The Speedy Trial Act, passed by Congress in 1974, currently requires a defendant to be indicted within 45 days of arrest, arraigned within 10 days of indictment, and brought to trial within 90 days after arrest and 120 days after arraignment. Those time limits will be shortened when the act becomes fully effective in 1979.

The two defendants in the case before Young, James E. Howard, and Theodore Hartzog, both of York, Pa., claimed that their trial started more than 90 days after their arrest and more than 120 days after their arraignment. They asked that the case be dismissed or, alternately, that they be released from custody. Young dismissed their claims.

In the first place, he wrote, the defendants had, in fact, gone to trial within the time limits imposed by the Speedy Trial Act. Delays that the defendants and their lawyers had caused could not be counted in the 90- and 120-day limits, he said.

More importantly, he ruled, the defendants had no real grounds for complaint because the Speedy Trial Act itself could not be upheld constitutionally.

"There must be a line beyond which legislative action directed to the administration of judicial procedures becomes legislative control, and, as such, an unwarranted intrusion into the judicial system," he wrote.

Young criticized what he called the "deficiencies" of the Speedy Trial Act: "The burden which the time limits place on the federal district courts is heavy and the disruption severe. The limits . . . may, in various contexts be too short, and thus interfere with the quality of justice."

Young cited two examples in the past 12 months when he had granted separate trials in lengthy conspiracy cases to accommodate the Speedy Trial Act's requirements.

In a speech criticizing the Speedy Trial Act before the American Law Institute last year, Chief Justice Warren Burger cited a case where two foreign nationals indicted for funneling half a million dollars worth of illegal drugs into the U.S. were released because they were not brought to trial within the law's time limits.

The lawyer for one of the defendants, Hartzog, has already notified the court that he intends to appeal the ruling. Howard's lawyer said he would appeal the ruling only if his defendant is convicted. Their trial, and that of four other men, is now under way in Baltimore, where the men were allegedly caught receiving supplies from a heroin distributor.

Chief Judge Edward S. Northrop of the U.S. District Court in Maryland said the court would still operate under the SPeedy Trial Act "and will continue doing so until the Fourth Circuit (appeals court) says otherwise,' But he called the provisions of the law "onerous."

And Jervis S. Finney, U.S. attorney for Maryland, said his office will continue to follow the Speedy Trial Act rules. "It's been our position that no violation of the Speedy Trial Act arose in that case," he said.

Finney said that the main holding of the case was that the Speedy Trial Act had been complied with. The holding on the constitutionality of the act itself, he said, was not part of the "heart" of the decision.
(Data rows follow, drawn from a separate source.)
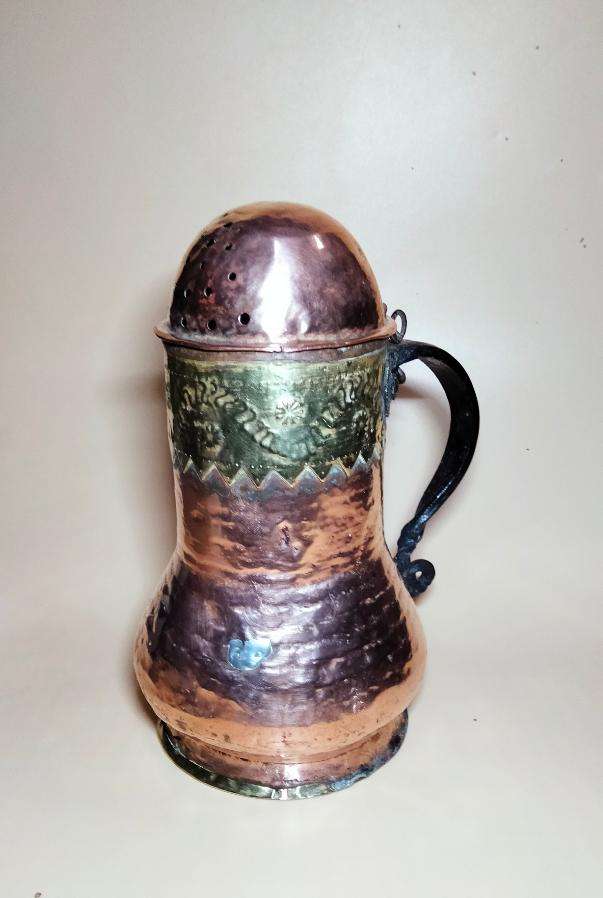 Jarra Cobre Asa Forjada - Cobre Amartillada | Antigüedad Siglo XIX con cuerpo abombado y asa de hierro forjado. Ideal para decoración vintage.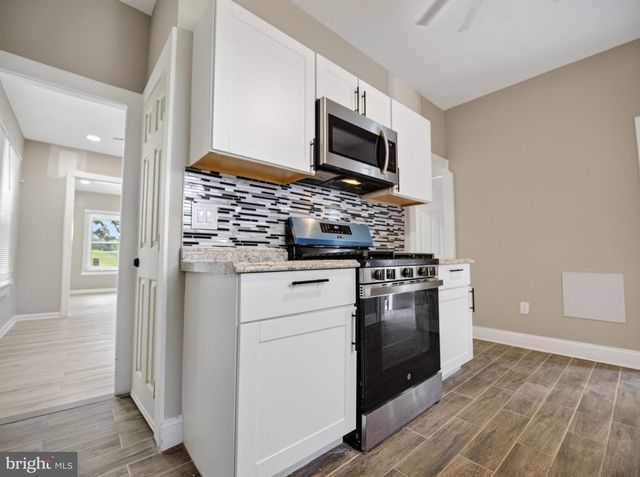 6008 ADDISON RD, Capitol Heights, MD 20743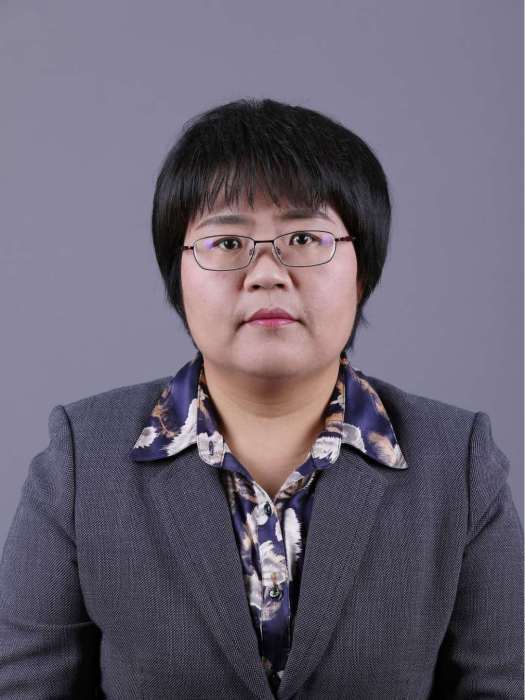 何偉(北京外國語大學教授,許國璋語言高等研究院院長助理) 何偉(北京外國語大學教授,許國璋語言高等研究院院長助理)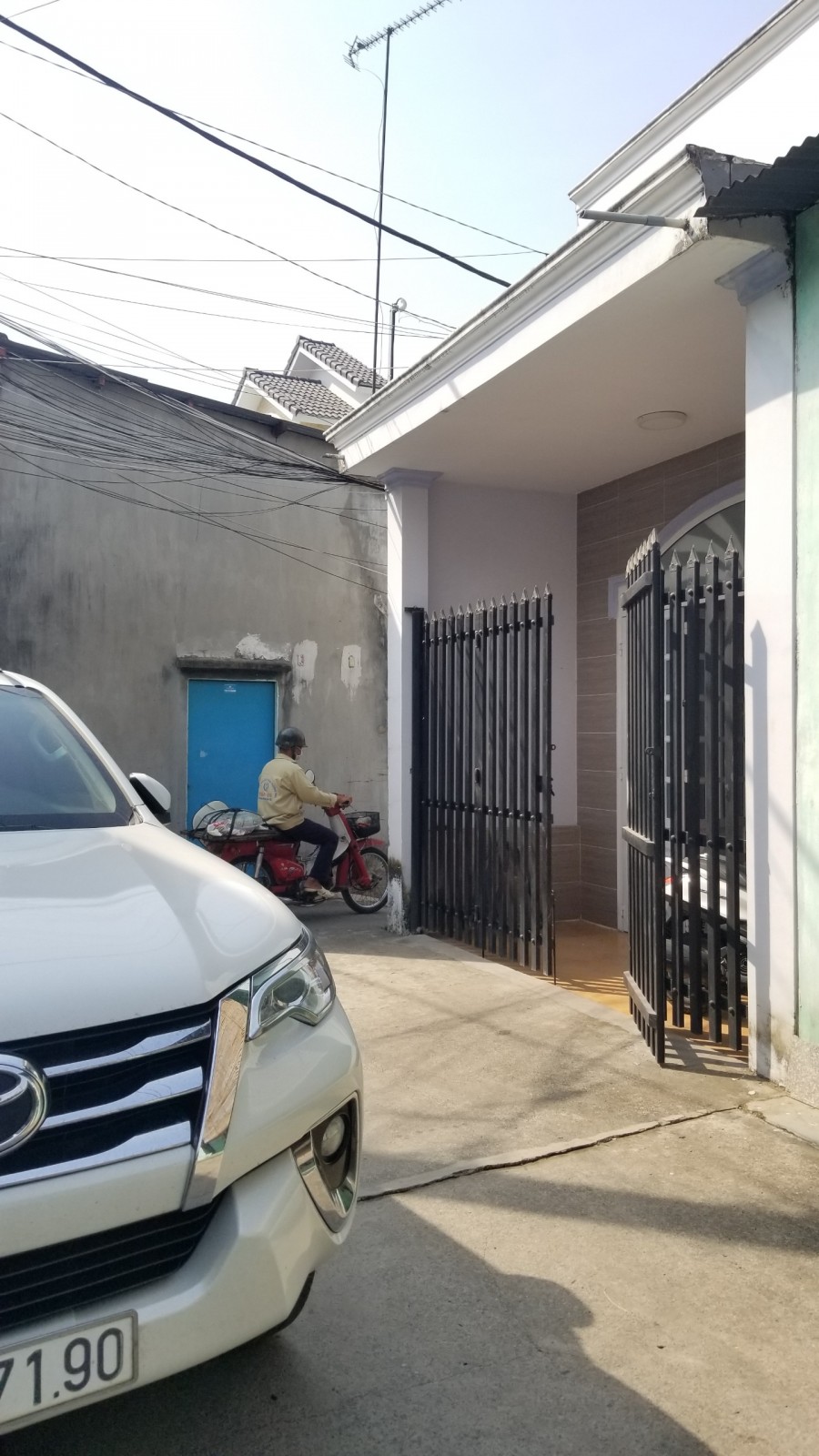 Nhà Bửu Long gần Đại Học Lạc Hồng ( cơ sở 5 ), đường xe hơi 7 chỗ vào tận nhà, 3 mặt tiền hẻm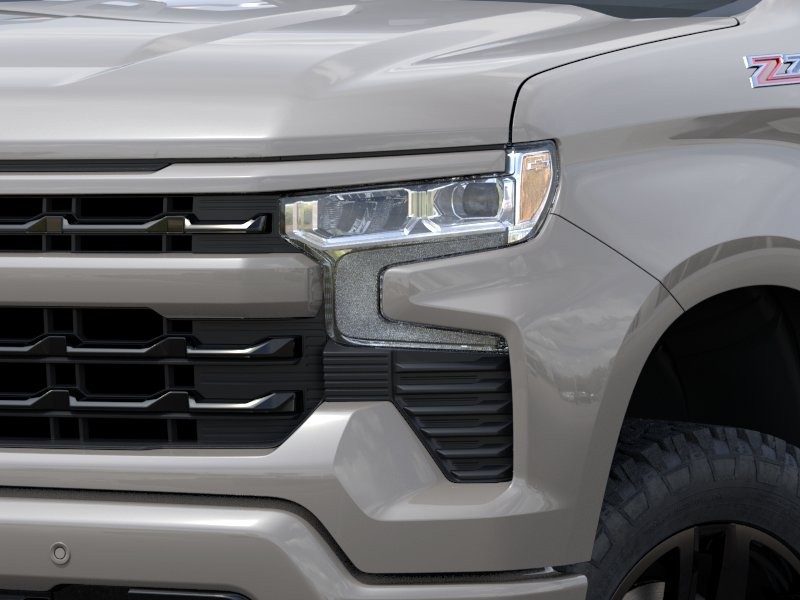 Chevrolet Silverado 1500 Vehicle Full-screen Gallery Image 10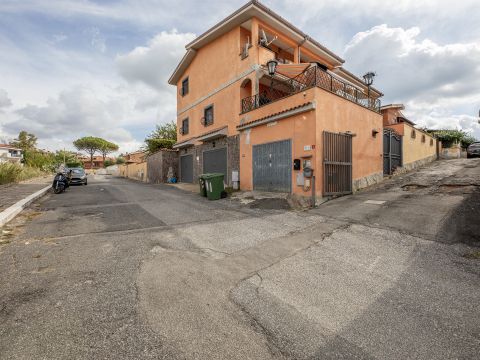 Via Aristide Faccioli, 173 - Roma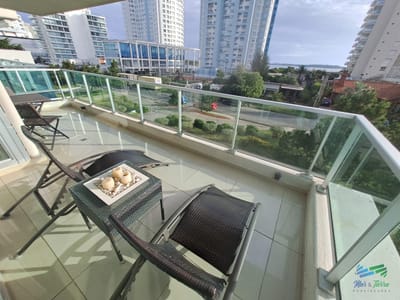 En venta Apartamento en Playa Mansa de 3 Dormitorios con vista playa mansa, Punta del Este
The Sixth Amendment to the Constitution guarantees the right to a speedy trial. But the courts became so jammed during the late '60s and early '70s, and the trial delays grew so long, that proponents of the act in Congress felt that the right was effectively being denied.

A study by the Administrative Office of the Courts showed that many defendants had to wait as long as a year from the time of arrest before going to trial.

The bill was introduced by then Sen. Sam J. Ervin Jr. (D-N.C.) and, as enacted, set up a three-year phase during which the maximum period between arrest and trial would be gradually decreased.